2. Which variables are being used and for which data? (i.e. are you using a split file and looking at
gender separately? etc.)
3. Which test you are using and why is this appropriate for this hypothesis and the data?
4. Provide the relevant test results as OUTPUT tables (and graphs if appropriate). You can copy and
paste or screenshot these into the word document from your SPSS Output file.
5. Provide a summary of the key findings (extract the information from the output tables). Include the
figures for the following:
main outcomes
the test statistic
the degrees of freedom value for the test
the p value and confidence intervals
odds ratio if relevant/ available (2x2 chi square test). Ask a tutor how to do this.
6. Write a brief interpretation of the results in light of your research question or null/alternate
hypothesis. Do you reject the null hypothesis or accept it? Why?
7. Finally Write a full formal sentence that encapsulates all of the information necessary to transmit
each of your test findings - as you might find it written in a journal article.
Chi-square analysis
Make sure that your variables are in rows/ columns correctly best to have the variable you are
interested in comparing for a particular variable in the columns.
State the full results and try to interpret the odds ratio (not the risk ratio as this is a survey this is cross-
sectional so we use odds). To do this: tick the Risk box when choosing the chi-square test in the
statistics window.
T-test
Is this a paired or independent t-test? Why?
Dont forget to quote the actual outcome which here is a difference between the mean values!
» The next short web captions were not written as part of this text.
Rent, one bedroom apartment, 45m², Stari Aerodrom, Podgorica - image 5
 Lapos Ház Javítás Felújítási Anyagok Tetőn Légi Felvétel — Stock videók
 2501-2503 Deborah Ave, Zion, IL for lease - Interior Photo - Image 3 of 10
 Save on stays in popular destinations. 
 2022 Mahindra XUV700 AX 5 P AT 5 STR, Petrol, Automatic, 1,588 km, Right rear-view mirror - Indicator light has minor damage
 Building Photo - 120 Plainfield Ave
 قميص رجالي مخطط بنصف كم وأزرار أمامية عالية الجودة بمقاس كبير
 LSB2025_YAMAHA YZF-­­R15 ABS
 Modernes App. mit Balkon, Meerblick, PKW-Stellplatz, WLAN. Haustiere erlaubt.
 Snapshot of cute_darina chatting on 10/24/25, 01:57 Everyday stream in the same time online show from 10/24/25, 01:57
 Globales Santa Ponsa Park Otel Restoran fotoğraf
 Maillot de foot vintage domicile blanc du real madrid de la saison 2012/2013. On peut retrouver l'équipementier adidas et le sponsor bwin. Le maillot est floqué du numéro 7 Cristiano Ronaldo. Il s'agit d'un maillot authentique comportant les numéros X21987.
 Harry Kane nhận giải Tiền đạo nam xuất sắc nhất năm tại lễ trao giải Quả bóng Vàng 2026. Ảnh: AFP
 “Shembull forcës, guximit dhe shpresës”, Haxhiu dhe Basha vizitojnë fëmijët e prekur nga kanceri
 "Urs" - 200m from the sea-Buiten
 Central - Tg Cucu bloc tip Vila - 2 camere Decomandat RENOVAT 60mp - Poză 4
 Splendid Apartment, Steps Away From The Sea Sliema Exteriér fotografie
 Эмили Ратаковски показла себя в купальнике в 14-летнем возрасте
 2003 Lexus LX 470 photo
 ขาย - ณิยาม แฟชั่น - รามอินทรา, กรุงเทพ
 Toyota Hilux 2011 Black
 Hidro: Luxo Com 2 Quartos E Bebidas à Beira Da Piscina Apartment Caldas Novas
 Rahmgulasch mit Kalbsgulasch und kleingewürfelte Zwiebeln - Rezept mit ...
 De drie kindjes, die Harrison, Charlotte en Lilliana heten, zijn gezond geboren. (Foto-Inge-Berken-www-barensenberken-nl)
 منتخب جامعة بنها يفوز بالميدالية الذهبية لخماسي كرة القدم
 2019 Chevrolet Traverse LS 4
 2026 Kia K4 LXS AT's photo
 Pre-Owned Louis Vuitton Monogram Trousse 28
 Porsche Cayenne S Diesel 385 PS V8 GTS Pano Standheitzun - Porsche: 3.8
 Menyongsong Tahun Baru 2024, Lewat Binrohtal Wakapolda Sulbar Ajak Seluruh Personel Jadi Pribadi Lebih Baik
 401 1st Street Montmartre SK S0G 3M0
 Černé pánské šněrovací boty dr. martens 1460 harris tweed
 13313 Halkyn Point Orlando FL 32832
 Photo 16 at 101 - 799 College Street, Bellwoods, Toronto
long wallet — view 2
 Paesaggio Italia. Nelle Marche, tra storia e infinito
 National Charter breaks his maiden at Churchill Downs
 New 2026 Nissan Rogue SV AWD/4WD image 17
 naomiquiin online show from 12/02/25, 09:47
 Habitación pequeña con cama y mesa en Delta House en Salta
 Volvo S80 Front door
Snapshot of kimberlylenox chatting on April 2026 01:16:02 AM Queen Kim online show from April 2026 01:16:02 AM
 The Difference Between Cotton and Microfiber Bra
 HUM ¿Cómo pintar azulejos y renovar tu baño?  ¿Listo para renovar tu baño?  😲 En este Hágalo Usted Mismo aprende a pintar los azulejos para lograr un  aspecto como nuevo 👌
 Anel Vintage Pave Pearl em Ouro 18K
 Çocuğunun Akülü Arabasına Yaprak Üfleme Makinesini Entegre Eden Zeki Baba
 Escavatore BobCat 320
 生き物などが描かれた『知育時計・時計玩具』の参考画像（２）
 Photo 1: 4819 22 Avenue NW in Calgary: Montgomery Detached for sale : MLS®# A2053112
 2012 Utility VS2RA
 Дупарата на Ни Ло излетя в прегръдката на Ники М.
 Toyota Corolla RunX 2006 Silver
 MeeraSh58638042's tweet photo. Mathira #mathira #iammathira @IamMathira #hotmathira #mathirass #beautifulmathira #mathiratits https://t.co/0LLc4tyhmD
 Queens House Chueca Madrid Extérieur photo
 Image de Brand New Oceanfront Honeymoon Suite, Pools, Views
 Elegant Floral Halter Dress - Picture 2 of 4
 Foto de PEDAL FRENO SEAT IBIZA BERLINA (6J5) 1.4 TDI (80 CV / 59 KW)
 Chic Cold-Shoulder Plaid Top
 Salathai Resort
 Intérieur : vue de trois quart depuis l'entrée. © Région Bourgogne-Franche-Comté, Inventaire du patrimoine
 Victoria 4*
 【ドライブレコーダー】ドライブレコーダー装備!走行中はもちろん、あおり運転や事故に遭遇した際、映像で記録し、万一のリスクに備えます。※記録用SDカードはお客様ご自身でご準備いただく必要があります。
For Levenes test, state what the results are and what this means. Then provide the actual t-test results.
Mostly in journal reports, Levenes test is not mentioned usually as this is just an accepted part of the
analysis, so you will not be reporting it in your final report in BGDB. However here we ask you to include
it, as it will help us to see that you understand what this is showing!
You can provide a p value for the t-test but also a confidence interval. Quote this carefully.
It is a good idea if the whole group takes part in the analysis as you will learn more about the data this
way AND be preparing for your ILP!
The biggest problem detected in poor projects (P-) each year is lack of understanding of the data.
Separating the work up so individual members miss out on the practical work creates misunderstandings re
the data and your research questions.
The best groups work together through ALL the practical sessions together.